Intentional implementation doesn’t begin at go-live; it starts long before, during discovery and design, and continues through validation, training, launch and hypercare.
We start by sitting down with first responders and public safety professionals—our end users—to understand what makes their processes unique: their workflows, the tools they rely on, their pain points and the outcomes they are striving to achieve. These discovery sessions can help ensure the reality of customers’ day-to-day challenges is being understood, rather than simply gathering requirements.
It helps to have people who are part of your team be well-versed in the challenges being faced by customers. For us, our teams include former dispatchers and police officers. They understand agency workflows and speak the same language as our customers. While it isn’t a common approach, I’ve found that bringing engineers into these early conversations can have a significant benefit, allowing them to hear firsthand what the end user needs and, in turn, producing far stronger products.
On the customer side, discovery and co-creation involve engaging the people who use the technology every day. For our dispatch product, that’s telecommunicators and communication center supervisors. For our records management system (RMS), it includes patrol officers, investigators, records staff and crime analysts. Command staff involvement is crucial to ensure that the tools are set up to generate key insights to manage team workload, that the right user access and approval processes are in place and that analytics can inform operational decisions.
Partnering with customers is critical because no two agencies operate the exact same way. Investing the time to gather information early and revisiting feedback often ensures teams are building the right capabilities for each customer. Co-creation also gives users a sense of ownership. When users see their input reflected in the product, adoption can increase and satisfaction can grow.
Don’t just implement a solution and hope that it works. Ensuring the conversations are open and ongoing is essential to long-term success.
2. Embrace SaaS- and user-centric product design.
One of the first questions we often get asked is “How many years is this going to take?” We understand why. Arriving at the right results takes a fair amount of time and effort.
This highlights the importance of a user-centric product design process, based on deep user understanding, flexible technology, simplicity, seamless onboarding, consistency, performance, personalization, accessibility and continuous feedback loops. Following these best practices, which have been widely embraced by modern software as a service (SaaS) companies, enables organizations to arrive at the right outcomes, eliminate waste and accelerate time to market.

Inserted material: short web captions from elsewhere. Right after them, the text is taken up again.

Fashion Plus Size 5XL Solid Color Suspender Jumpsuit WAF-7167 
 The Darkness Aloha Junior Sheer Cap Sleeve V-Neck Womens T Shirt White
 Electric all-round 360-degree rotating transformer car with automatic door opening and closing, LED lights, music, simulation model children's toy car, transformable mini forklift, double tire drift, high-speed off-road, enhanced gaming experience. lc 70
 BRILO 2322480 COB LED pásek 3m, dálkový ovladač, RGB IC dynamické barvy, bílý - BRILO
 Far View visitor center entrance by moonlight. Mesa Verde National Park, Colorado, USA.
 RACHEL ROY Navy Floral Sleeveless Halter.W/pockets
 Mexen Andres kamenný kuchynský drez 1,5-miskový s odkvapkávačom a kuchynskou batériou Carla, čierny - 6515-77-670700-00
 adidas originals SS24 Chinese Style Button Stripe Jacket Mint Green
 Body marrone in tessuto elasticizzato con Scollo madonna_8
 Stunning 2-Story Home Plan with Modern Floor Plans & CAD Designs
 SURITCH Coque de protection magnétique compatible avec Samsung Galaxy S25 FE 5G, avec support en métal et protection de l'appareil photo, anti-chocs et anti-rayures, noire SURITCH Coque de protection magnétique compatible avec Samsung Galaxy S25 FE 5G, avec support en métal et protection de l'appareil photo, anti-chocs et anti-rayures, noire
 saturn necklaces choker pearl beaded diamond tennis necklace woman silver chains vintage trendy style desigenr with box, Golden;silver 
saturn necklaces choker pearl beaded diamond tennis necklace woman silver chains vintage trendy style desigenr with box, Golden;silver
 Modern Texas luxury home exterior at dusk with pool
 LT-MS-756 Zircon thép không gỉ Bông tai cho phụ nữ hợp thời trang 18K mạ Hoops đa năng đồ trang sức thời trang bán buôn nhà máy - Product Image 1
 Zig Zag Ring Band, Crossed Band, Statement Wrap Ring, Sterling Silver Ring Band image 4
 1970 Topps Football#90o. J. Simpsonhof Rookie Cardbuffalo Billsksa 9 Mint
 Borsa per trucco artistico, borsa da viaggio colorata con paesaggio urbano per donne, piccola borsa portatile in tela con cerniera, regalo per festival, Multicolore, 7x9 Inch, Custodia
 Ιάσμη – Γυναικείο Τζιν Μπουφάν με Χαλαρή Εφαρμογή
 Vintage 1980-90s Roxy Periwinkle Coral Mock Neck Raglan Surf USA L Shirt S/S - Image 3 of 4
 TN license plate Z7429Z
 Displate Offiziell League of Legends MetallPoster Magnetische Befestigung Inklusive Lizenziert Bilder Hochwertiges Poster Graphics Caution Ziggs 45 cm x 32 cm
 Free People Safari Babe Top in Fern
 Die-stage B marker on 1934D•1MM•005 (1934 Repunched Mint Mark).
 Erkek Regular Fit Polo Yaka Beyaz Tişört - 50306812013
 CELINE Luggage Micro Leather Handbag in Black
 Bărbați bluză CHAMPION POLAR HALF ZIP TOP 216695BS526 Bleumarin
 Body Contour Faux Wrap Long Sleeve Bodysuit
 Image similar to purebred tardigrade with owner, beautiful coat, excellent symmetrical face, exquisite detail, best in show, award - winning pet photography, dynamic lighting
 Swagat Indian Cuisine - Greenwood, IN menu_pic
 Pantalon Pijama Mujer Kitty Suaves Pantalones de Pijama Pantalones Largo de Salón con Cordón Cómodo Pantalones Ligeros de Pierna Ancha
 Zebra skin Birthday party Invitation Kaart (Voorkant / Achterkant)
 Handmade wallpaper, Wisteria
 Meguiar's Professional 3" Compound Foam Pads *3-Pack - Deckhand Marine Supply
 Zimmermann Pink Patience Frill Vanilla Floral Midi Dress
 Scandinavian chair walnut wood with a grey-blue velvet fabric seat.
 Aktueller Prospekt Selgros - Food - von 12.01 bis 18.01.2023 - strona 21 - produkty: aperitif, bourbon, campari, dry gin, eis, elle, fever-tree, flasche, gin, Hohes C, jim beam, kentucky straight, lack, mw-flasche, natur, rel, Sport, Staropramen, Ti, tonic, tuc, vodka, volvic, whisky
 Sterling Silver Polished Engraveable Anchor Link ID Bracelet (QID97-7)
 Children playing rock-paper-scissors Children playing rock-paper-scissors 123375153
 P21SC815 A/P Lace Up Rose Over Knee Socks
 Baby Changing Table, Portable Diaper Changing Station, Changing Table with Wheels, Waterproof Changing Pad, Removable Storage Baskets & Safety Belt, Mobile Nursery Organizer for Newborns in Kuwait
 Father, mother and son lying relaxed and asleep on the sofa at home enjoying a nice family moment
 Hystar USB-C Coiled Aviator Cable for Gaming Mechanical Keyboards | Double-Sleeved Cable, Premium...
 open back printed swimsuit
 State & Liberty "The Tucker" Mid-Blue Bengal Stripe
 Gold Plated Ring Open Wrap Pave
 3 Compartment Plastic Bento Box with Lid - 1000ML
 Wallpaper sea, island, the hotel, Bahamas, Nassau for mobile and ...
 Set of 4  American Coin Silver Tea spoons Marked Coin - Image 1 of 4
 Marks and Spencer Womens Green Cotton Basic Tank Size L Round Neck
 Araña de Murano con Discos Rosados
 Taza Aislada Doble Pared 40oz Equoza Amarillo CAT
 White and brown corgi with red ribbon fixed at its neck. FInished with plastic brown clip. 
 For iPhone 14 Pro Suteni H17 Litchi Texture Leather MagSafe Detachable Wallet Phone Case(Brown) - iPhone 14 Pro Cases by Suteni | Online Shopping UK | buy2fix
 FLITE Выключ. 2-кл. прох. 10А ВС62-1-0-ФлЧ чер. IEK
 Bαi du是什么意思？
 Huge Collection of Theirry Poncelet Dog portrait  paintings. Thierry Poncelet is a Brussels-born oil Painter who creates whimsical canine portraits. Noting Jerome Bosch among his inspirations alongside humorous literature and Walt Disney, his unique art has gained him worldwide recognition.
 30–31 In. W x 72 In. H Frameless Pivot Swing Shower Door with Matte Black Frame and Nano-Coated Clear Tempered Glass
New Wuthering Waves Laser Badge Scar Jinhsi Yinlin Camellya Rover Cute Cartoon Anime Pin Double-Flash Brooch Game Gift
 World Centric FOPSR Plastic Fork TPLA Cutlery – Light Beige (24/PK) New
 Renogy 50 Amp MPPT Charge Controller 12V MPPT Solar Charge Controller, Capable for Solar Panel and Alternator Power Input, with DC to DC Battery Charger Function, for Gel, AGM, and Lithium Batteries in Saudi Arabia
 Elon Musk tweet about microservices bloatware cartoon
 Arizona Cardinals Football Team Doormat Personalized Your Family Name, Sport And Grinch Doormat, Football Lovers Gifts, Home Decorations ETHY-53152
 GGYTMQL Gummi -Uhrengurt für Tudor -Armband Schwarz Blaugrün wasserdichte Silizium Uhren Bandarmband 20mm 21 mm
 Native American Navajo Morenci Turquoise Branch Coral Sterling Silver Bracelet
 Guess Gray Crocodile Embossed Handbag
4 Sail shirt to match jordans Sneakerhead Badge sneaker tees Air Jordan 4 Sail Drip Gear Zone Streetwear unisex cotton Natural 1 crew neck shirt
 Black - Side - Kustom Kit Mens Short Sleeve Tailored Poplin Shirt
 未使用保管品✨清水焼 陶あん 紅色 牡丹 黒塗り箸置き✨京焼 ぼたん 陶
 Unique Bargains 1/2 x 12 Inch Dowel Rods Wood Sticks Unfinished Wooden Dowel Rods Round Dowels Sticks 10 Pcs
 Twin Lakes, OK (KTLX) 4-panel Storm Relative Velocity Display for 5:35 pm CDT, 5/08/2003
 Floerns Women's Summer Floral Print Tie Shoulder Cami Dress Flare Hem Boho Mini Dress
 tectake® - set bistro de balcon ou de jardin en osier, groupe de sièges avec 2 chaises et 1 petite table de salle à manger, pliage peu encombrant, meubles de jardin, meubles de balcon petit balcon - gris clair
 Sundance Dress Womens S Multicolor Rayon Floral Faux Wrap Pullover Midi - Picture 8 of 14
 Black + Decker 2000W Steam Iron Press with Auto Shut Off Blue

To harness these best practices effectively across teams requires collaboration among designers, engineers, product leaders and users to collaborate directly, unlocking rapid iteration. Bringing together all necessary stakeholders may seem daunting, especially in the case of engineers, whose time is especially valuable. But it’s well worth the time and effort. It allows everyone to share their challenges and concerns up front, align on the best path forward and continue to share and address feedback to create, test, tweak and go to launch with a solution at a pace traditional design cannot match. When people work together, feel heard and see results, it builds trust.
Traditional design has also historically faced technological barriers. On-premises servers can be slow to update and may require new infrastructure. The SaaS model, which is based on cloud technology, helps eliminate those barriers, making it possible to iterate quickly, configure intentionally, roll out new features almost instantly after release and adapt without disruption.
3. Implement for the long term by building security into every step.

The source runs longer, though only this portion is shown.